▶ **Problem requirements**: For the listing below, the answer is an exact retyping of the lines from the one with "Quiet Community. (Fort Myers Beach)" through the one with "Bodrum’da Kış Trofesi", both included, without pictures.

▶ **Task input**:
*** Block opens ***
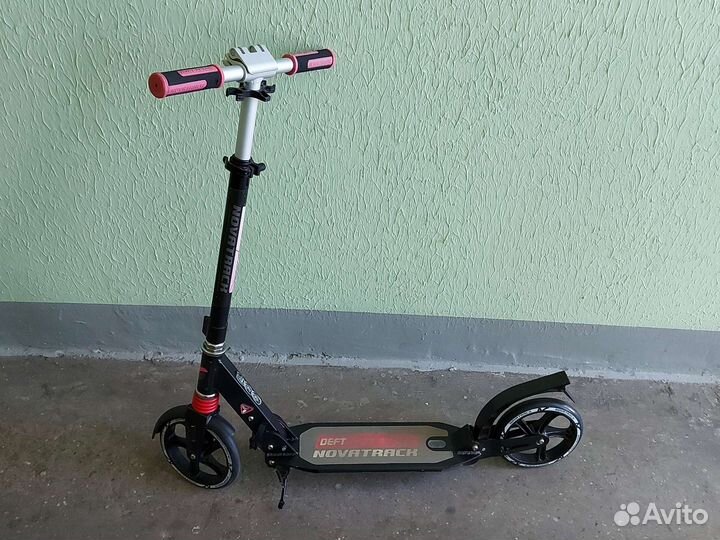 Самокат Novatrack Deft с амортизаторами до 100 кг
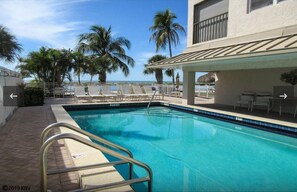 Pool -  Beautiful Condo on private beach! Remodeled, sleeps 4.
Quiet Community. (Fort Myers Beach)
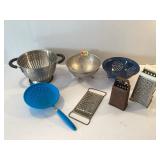 (4) COLLANDERS (3) CHEESE GRATERS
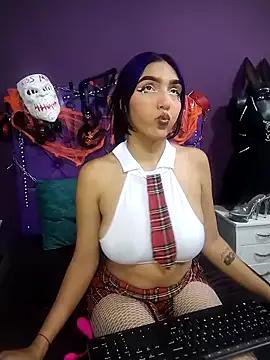 Sophie-dbs from StripChat is Freechat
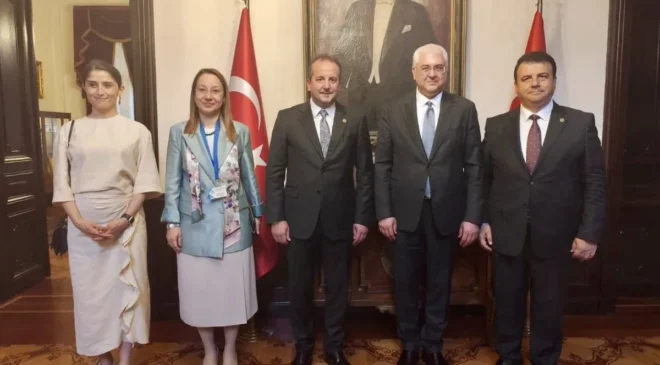 Derya Bakbak Bulgaristan’da Eğitimde Yapay Zekâ Konusunu Gündeme Taşıdı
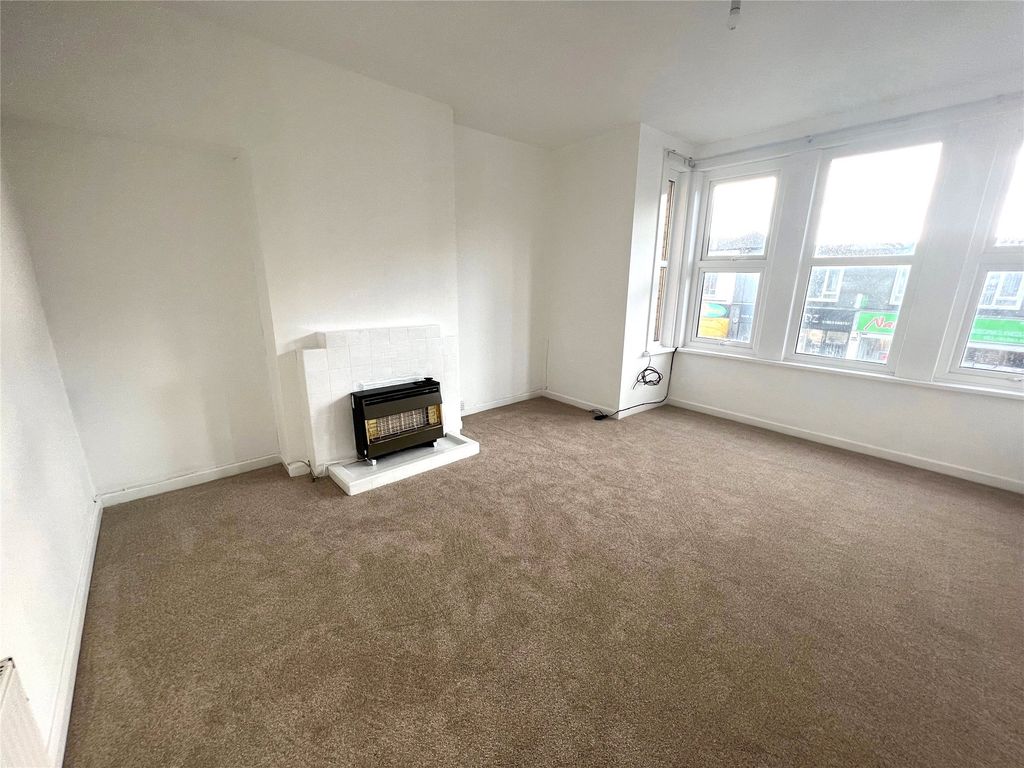 Property photo 2 of 9 Picture No. 28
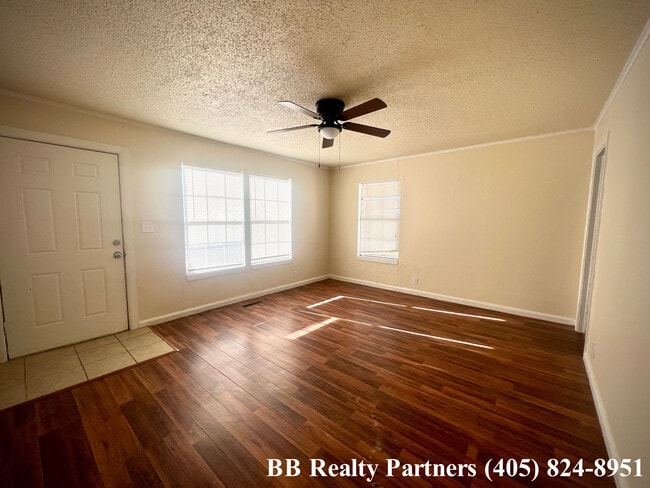 Building Photo - 6721 E 5th St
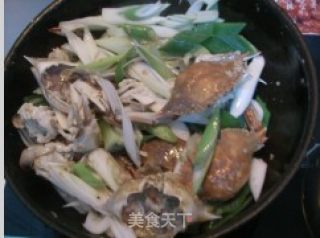 酱炒螃蟹的做法步骤：3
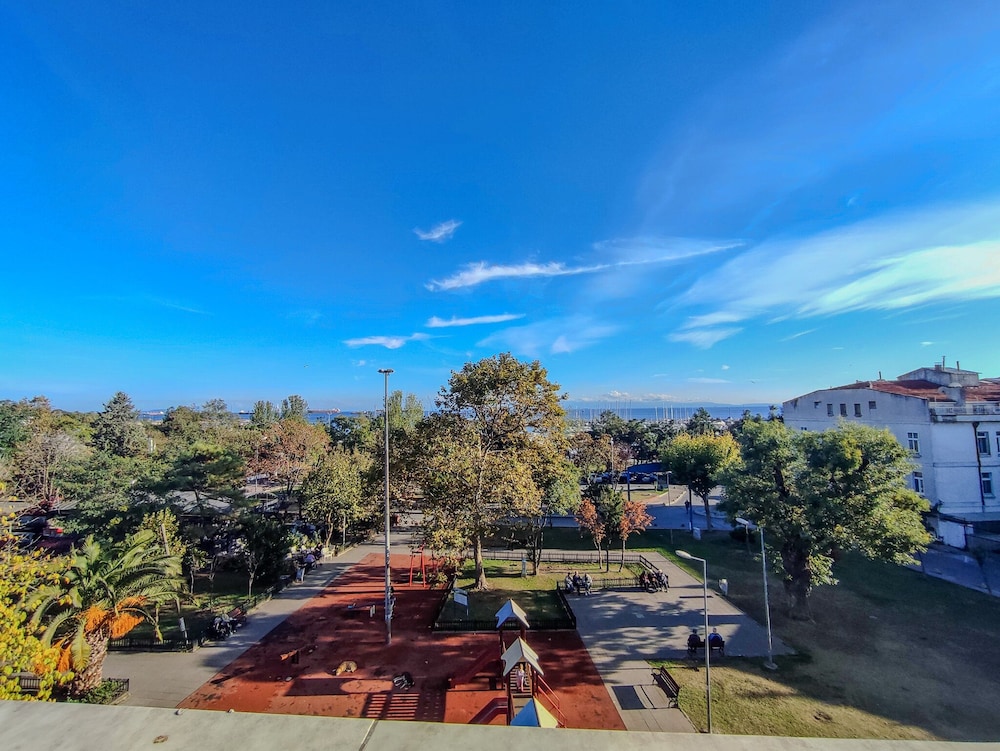 Shah Inn Hotel 25/26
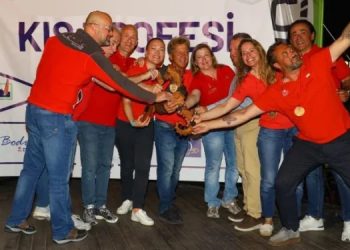 Bodrum’da Kış Trofesi yelken yarışlarını Okami zirvede tamamladı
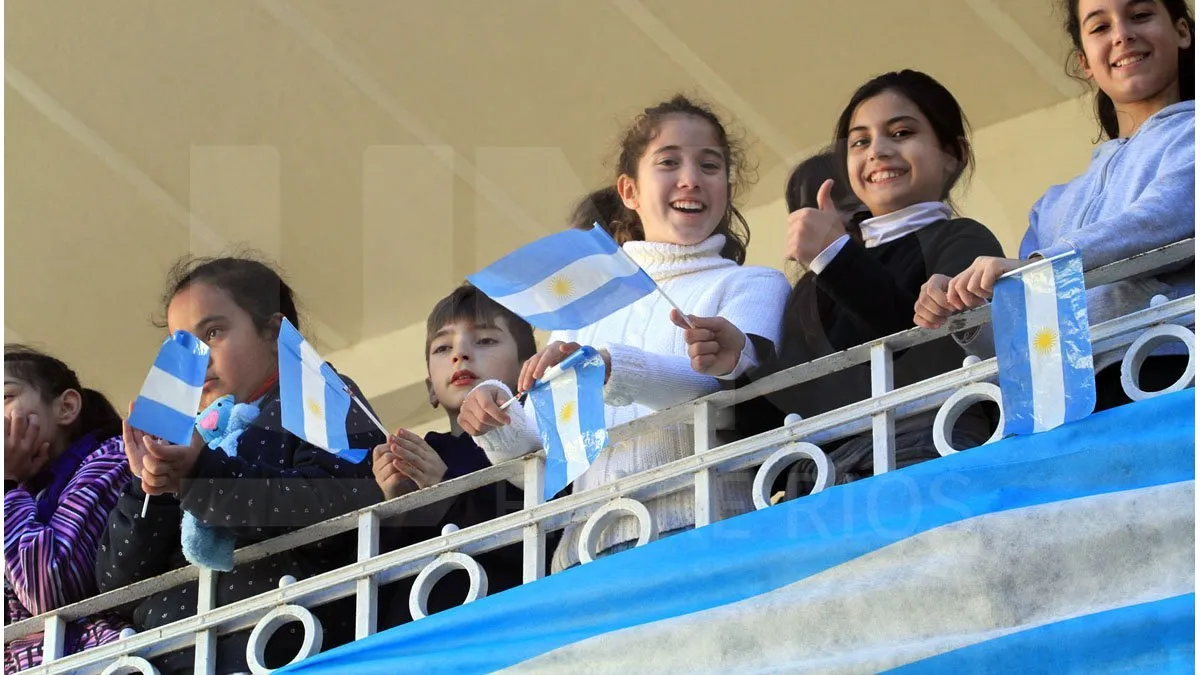 Boleto gratuito para estudiantes que participen de la promesa de lealtad a la bandera - imagen de origen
*** Block closes ***
▶ **Response box**:
Quiet Community. (Fort Myers Beach)
 (4) COLLANDERS (3) CHEESE GRATERS
 Sophie-dbs from StripChat is Freechat
 Derya Bakbak Bulgaristan’da Eğitimde Yapay Zekâ Konusunu Gündeme Taşıdı
 Property photo 2 of 9 Picture No. 28
 Building Photo - 6721 E 5th St
 酱炒螃蟹的做法步骤：3
 Shah Inn Hotel 25/26
 Bodrum’da Kış Trofesi yelken yarışlarını Okami zirvede tamamladı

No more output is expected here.